Roger Caillois, Ponce Pilate, première édition 1961, Gallimard, collection L’Imaginaire, novembre 2015, 128 pages.
A Jérusalem, le Sanhédrin
vient de condamner Jésus à mort. Le jugement de la puissance romaine est cependant
indispensable, et c’est au procurateur de Judée, Ponce Pilate, que revient le
dernier mot. On connaît l’histoire : la décision de Pilate – il choisit de
s’en laver les mains – décide de l’apparition du christianisme.
Roger Caillois fait de
Ponce Pilate le personnage principal de son conte. Entre le songe de Procula,
son épouse, et sa propre insomnie, vingt-quatre heures vont s’écouler.

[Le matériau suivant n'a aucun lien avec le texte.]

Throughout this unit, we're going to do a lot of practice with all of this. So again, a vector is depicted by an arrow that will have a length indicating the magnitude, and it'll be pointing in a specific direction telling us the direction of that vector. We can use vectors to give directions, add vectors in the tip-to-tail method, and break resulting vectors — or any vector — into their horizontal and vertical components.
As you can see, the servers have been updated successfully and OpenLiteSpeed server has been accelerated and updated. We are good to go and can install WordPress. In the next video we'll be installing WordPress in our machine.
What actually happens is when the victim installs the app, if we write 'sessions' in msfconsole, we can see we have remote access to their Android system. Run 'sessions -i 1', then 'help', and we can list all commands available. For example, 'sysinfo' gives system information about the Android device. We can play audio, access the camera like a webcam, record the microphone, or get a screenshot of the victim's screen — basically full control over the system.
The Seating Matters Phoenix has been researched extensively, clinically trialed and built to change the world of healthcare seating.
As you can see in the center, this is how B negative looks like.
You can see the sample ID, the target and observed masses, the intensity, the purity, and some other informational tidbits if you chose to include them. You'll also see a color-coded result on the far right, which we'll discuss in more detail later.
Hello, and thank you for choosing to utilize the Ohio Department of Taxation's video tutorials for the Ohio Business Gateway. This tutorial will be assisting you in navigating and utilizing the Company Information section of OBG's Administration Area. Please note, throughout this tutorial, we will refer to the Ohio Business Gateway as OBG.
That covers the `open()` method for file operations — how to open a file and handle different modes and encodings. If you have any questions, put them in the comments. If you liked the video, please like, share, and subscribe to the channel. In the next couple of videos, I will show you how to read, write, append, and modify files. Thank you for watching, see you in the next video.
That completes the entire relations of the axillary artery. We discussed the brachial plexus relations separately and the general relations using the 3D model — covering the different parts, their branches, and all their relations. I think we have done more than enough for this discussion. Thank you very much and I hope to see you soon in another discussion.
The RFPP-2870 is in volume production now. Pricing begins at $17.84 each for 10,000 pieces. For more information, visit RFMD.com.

Vingt-quatre heures durant lesquelles le sort du monde peut basculer. Le sort
du monde à venir. Caillois imagine l’itinéraire mental du procurateur avant
qu’il prenne sa décision. Dans cette histoire-là, vue sous l’angle de la
politique romaine et sous celui de de la conscience d’un seul homme, l’uchronie
est en marche, dont le pas ne sera franchi qu’à la toute fin du texte. Mais on
en ignorera les conséquences.
Ponce Pilate est un
personnage romanesque. Dans Le Maître et
Marguerite de Boulgakov, le procurateur est en quête de spiritualité
nouvelle, séduit par le royaume promis par Yeshoua. Dans le roman de Caillois, le
procurateur est attaché aux dieux multiples de sa civilisation, et reste
totalement insensible au discours du prisonnier, lors de sa confrontation avec
lui :
"Le discours entier lui paraissait simple délire. Où ces gens allaient-ils chercher ces grotesques inepties ? Que pouvait bien signifier l’idée d’un dieu qui meurt pour le salut des hommes ? D’abord un dieu ne meurt pas, c’est contradictoire. Ensuite, il ne se soucie pas du sort de l’humanité. C’est ridicule."
Le chapitre III est
consacré à Judas. « L’homme se leva d’un bond. Il était roux, contrefait
et hagard ». Comme son ami Jorge Luis Borges dans « Trois versions de
Judas », Caillois donne du traître une interprétation en contradiction
avec le dogme, mais parfaitement logique : sans la trahison du rouquin,
pas de christianisme… C’est par lui, Judas, que Jésus est arrêté, condamné,
supplicié, ressuscité. Sans lui, rien ne serait arrivé. Plus troublé par le
discours de Judas que par celui de Jésus, Pilate, sous la plume de Caillois,
prouve son humanité. Il reste imperméable aux
spéculations eschatologiques et monothéistes, il est avant tout
extrêmement respectueux de l’humain. Caillois brosse le portrait d’un homme conscient
de ses erreurs politiques – l’épisode des boucliers est évoqué, mis en
parallèle avec la nécessité de la construction de l’aqueduc – mais sûr de ses
décisions immédiates et pragmatiques.
Durant sa longue nuit
d’insomnie, il passe en revue les différentes possibilités que sa décision,
quelle qu’elle soit, pourrait entraîner. S’en laver les mains, ou pas. Les
doutes et les certitudes se succèdent, dans la nuit, après sa visite au
chaldéen Mardouk. Et, comme le personnage de Judas est « retourné »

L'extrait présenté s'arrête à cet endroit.